The Mythical Social Security "Trust Fund"

In 2005, my co-author Charley Hooper and I wrote the following:

Let's make it more concrete with a personal situation that many people can relate to. Say you're planning to send your kid to college. You have ten years and think you need $100,000. In Scenario A, each year you put an IOU for $10,000 in a jar. At the end of ten years, you pour out the jar, swear a bit more than is proper, and then scramble to come up with $100,000, either through borrowing, selling assets, earning more, or spending less. In Scenario B, you skip the jar and IOU charade and advance to the final step: you swear and scramble. The IOU charade was irrelevant. We also added, in one of the few positive things I ever wrote about Al Gore: Interestingly, 2000 presidential candidate Al Gore recognized the irrelevance of the Trust Fund. For all the ridicule he received for his concept of the "lock box," what he was getting at was that he wanted to reduce the federal debt in order to make room for the new debt that he knew was coming with the retirement of the baby boomers.
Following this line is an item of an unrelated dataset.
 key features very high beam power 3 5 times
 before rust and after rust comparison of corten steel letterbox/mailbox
It was interesting to read a defense of Al Gore's "lock box" comment on social security. This is the one and only attempt to defend his comment that I have ever seen. But how does reducing the federal debt to make room for new debt to pay social security create a "lock box?"

The only way I see to create a "lock box" is to switch from a pay-as-you-go social security system to a fully funded retirement plan, where the individual retirement savings accounts are under the control of each individual, rather than being available to politicians to raid and spend in whatever manner they might decide.
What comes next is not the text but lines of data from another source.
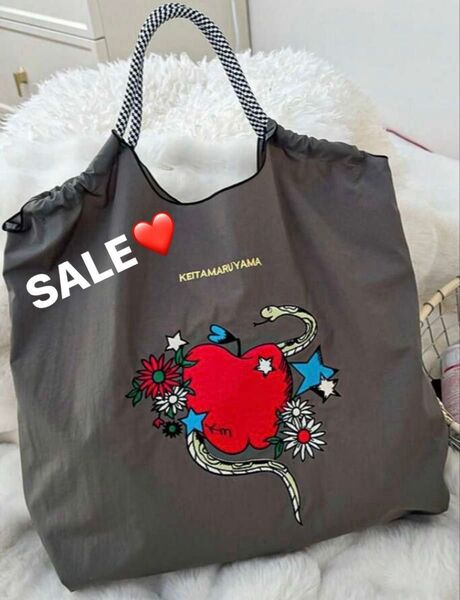 新品☆刺繍バッグ Mサイズ ダークグレー 付属品なし 蛇とリンゴ ボール アンドチェーンタイプ エコバッグ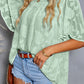 Floral Textured Ruffled Half Sleeve Babydoll Top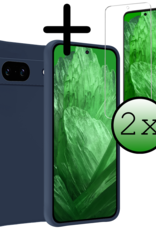 BASEY. Hoes Geschikt voor Google Pixel 8a Hoesje Siliconen Back Cover Case Met 2x Screenprotector - Hoesje Geschikt voor Google Pixel 8a Hoes Cover Hoesje - Donkerblauw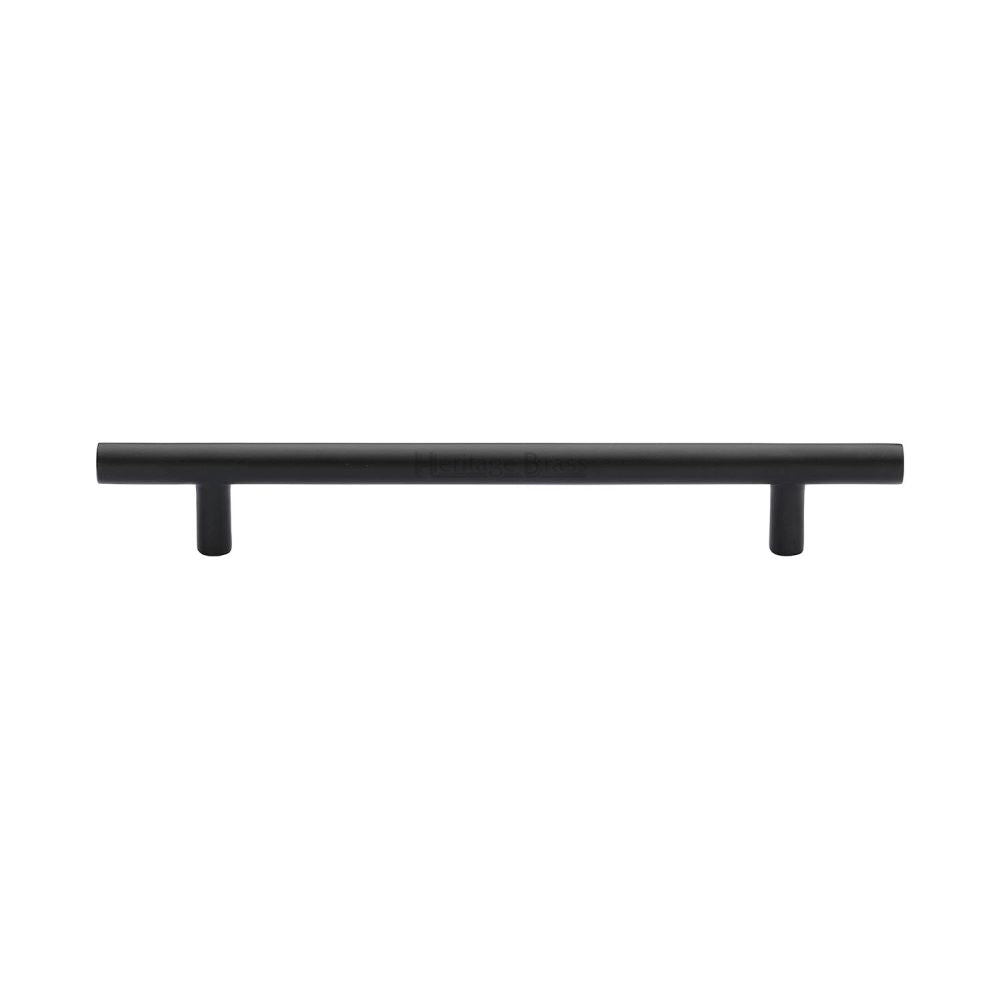 This is an image of a Heritage Brass - Cabinet Pull T-Bar Design 160mm CTC Matt Black Finish, c0361-160-bkmt that is available to order from Trade Door Handles in Kendal.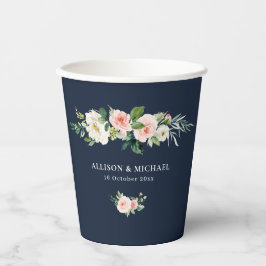 Blaue Hochzeit der blühenden Marine Pappbecher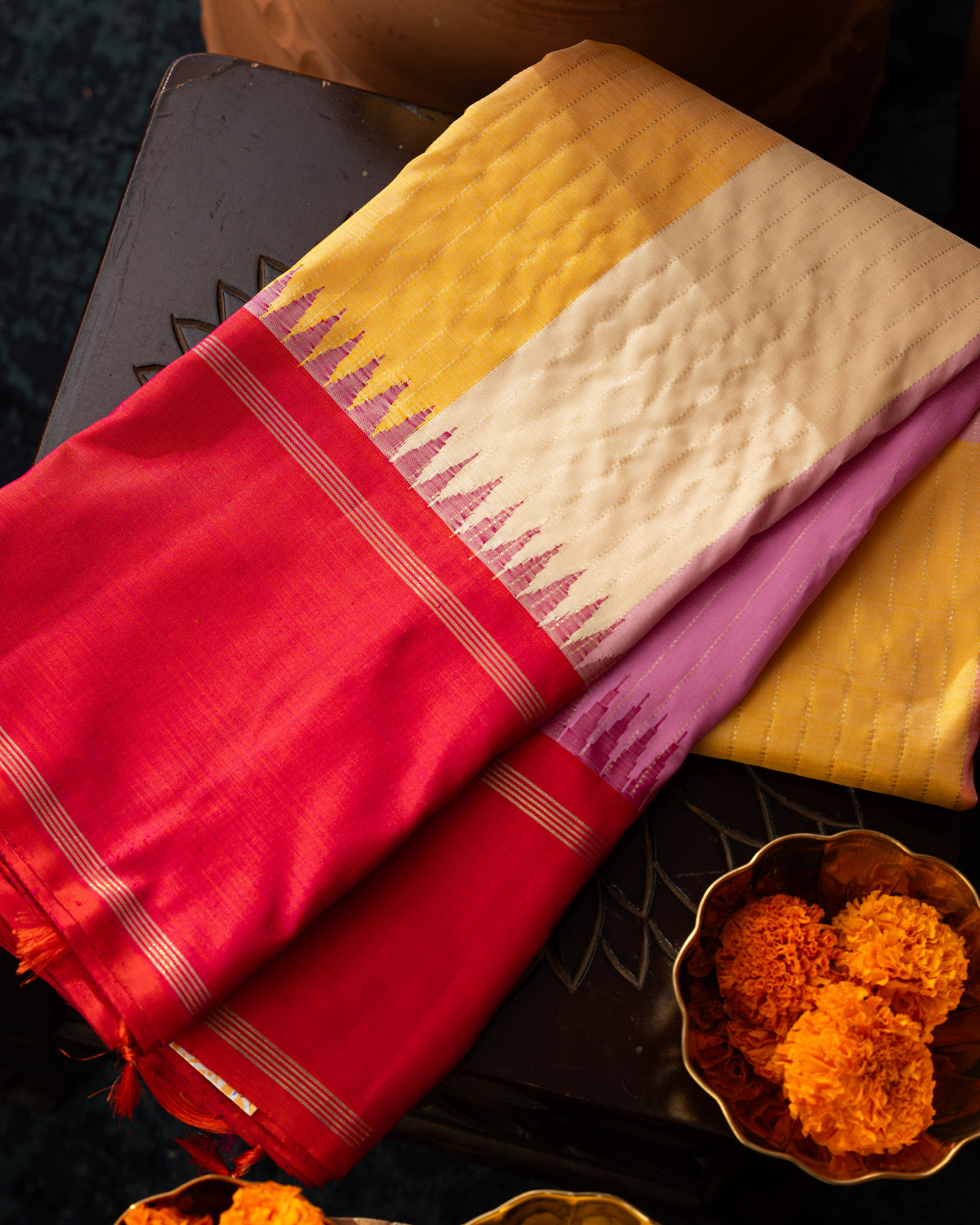 Multi Colour Kanchipuram Silk Saree With Pink Contrast Border & Pallu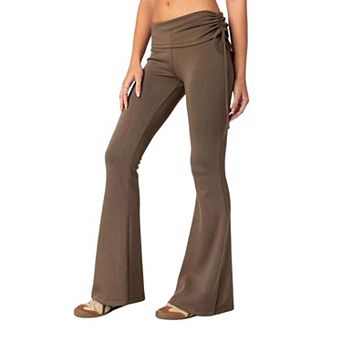Women's Ruched Drawstring High Waist Flare Long Pants Casual Yoga Summer Flared Work Soft Trousers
Why not relive one of Paul Krugman's Greatest Hits:

Let's see: Last year the Social Security system collected about $90 billion more in payroll taxes than it paid in benefits. Mr. Saving says that if that money had been invested in German bonds it would have made a real contribution to the system's future; but because it was used to buy U.S. bonds it somehow disappeared into a black hole.

And, he went on to win the Nobel Prize!